On 9 March, President Obama invoked the International Emergency Economic Powers Act (IEEPA), declaring Venezuela an ‘unusual and extraordinary threat’ to US national security whilst sanctioning seven Venezuelan officials. The act enables Obama to block transactions and freeze the assets of any Venezuelan government entity or official and take steps towards confiscating Venezuelan state property such as the CITGO oil company, which provides subsidised heating oil to poor US citizens.

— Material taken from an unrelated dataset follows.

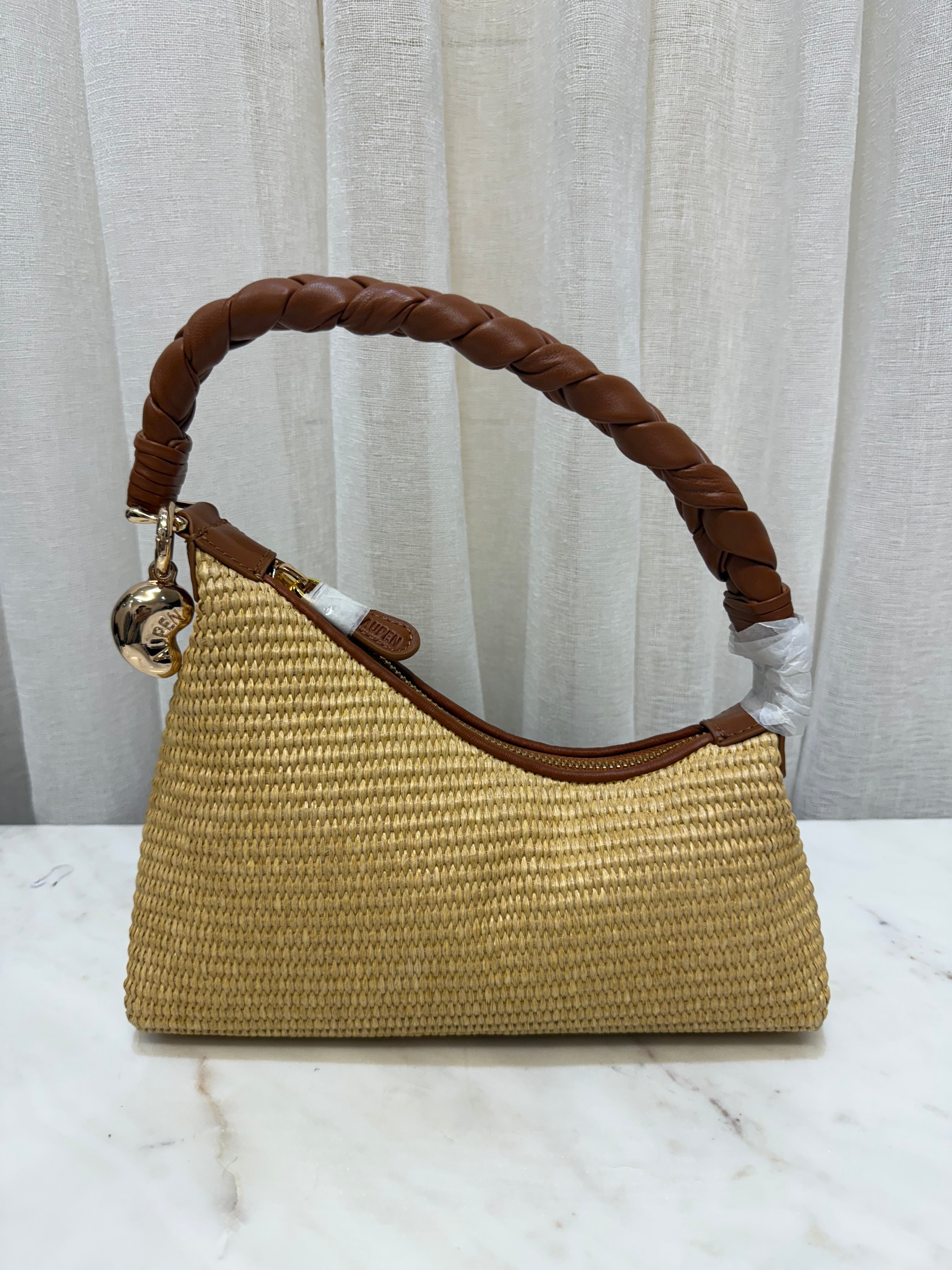 Aupen Nirvana Brown bag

This executive order will now operate alongside the United States’ covert subversion, military intervention and media vilification, a pattern illustrated in the string of other countries currently subject to IEEPA including Cuba (since 1977), Iran (since 1979), Syria (since 2004) and Russia (since 2014). It is an overt act of aggression against Venezuela. Sam McGill reports.

The last resort

Obama’s decree is the latest in a series of failed attempts to topple the Maduro government following the death of Hugo Chavez two years ago. Despite the subsequent presidential elections receiving widespread validation from international electoral observers including the Organisation of American States (OAS), Obama publicly backed the opposition’s campaign to undermine the election of Nicolas Maduro. When failed presidential candidate Henrique Capriles then instructed his gangs of opposition thugs to ‘drain their rage’, embarking on a week-long rampage of death and destruction, Obama turned a blind eye.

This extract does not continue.